(Stored data)

+++

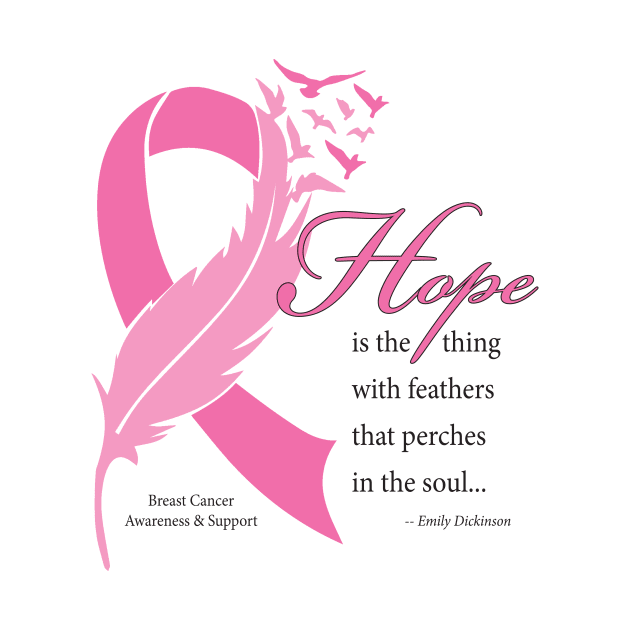 Breast cancer hope quote with black type by Just Winging It Designs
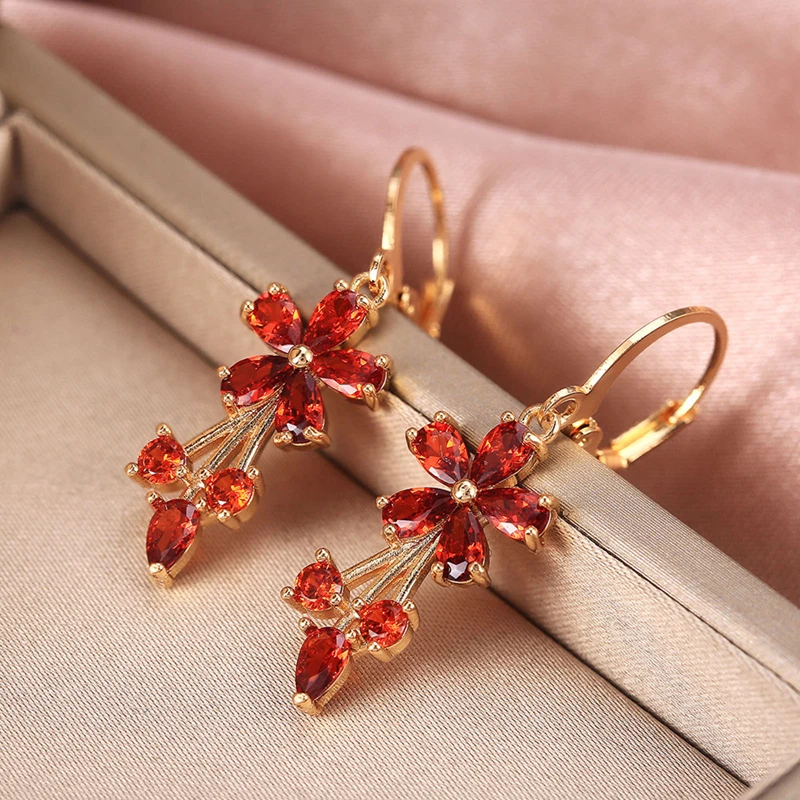Colorful Rhinestone Flower Pendant Drop Earrings Women Girls Party Daily Wear Jewelry Ear Accessories
Colorful Rhinestone Flower Pendant Drop Earrings Women Girls Party Daily Wear Jewelry Ear Accessories
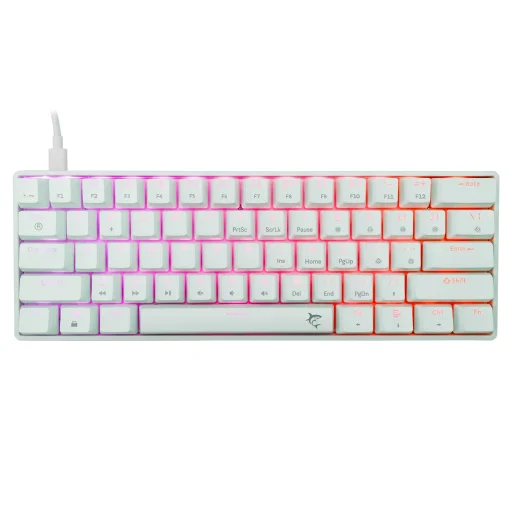 White Shark GK-004211 Shinobi 2 Red Switch biela US herná klávesnica - 1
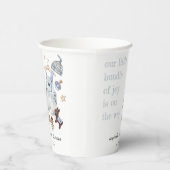 Cute Baby Clothes Essentials Blue Boy Baby Shower Pappbecher (Rechts)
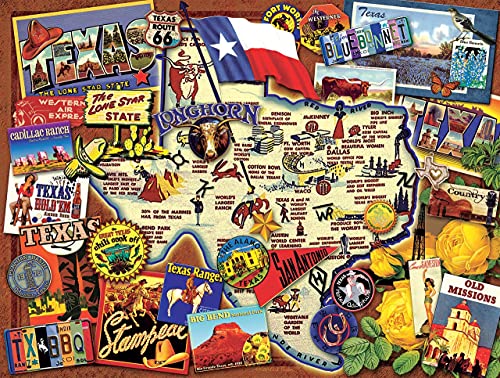 Texas: The Lone Star State 500 pc Jigsaw Puzzle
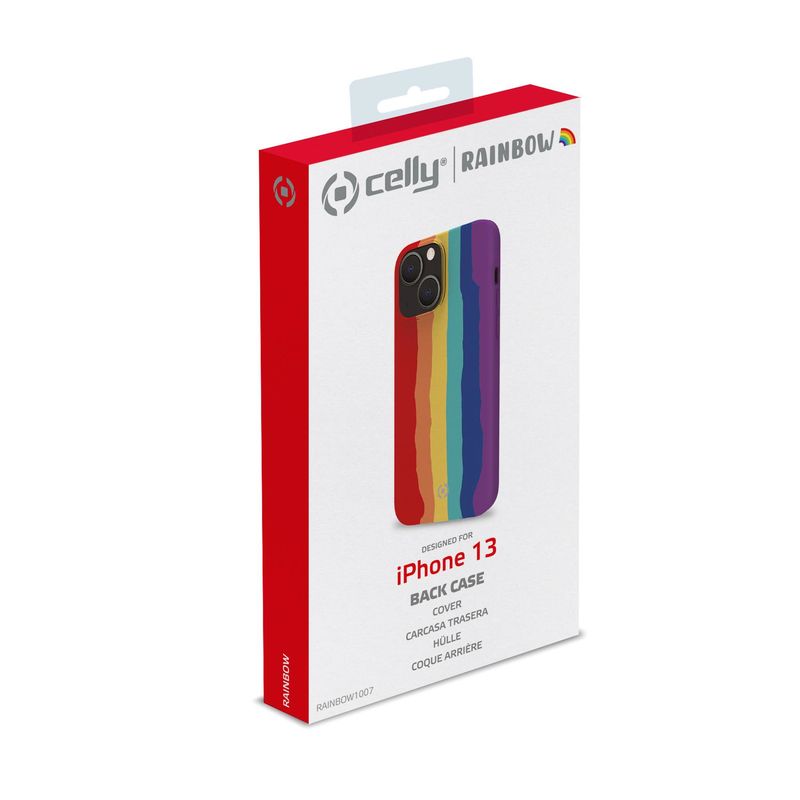 Celly-RAINBOW-iPhone-13-custodia-per-cellulare-155-cm--6.1---Cover-Multicolore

+++

● **Aim of the exercise**: Print all the lines above again exactly, without any pictures.

● **Reply**:
 Breast cancer hope quote with black type by Just Winging It Designs
Colorful Rhinestone Flower Pendant Drop Earrings Women Girls Party Daily Wear Jewelry Ear Accessories
Colorful Rhinestone Flower Pendant Drop Earrings Women Girls Party Daily Wear Jewelry Ear Accessories
 White Shark GK-004211 Shinobi 2 Red Switch biela US herná klávesnica - 1
 Cute Baby Clothes Essentials Blue Boy Baby Shower Pappbecher (Rechts)
 Texas: The Lone Star State 500 pc Jigsaw Puzzle
 Celly-RAINBOW-iPhone-13-custodia-per-cellulare-155-cm--6.1---Cover-Multicolore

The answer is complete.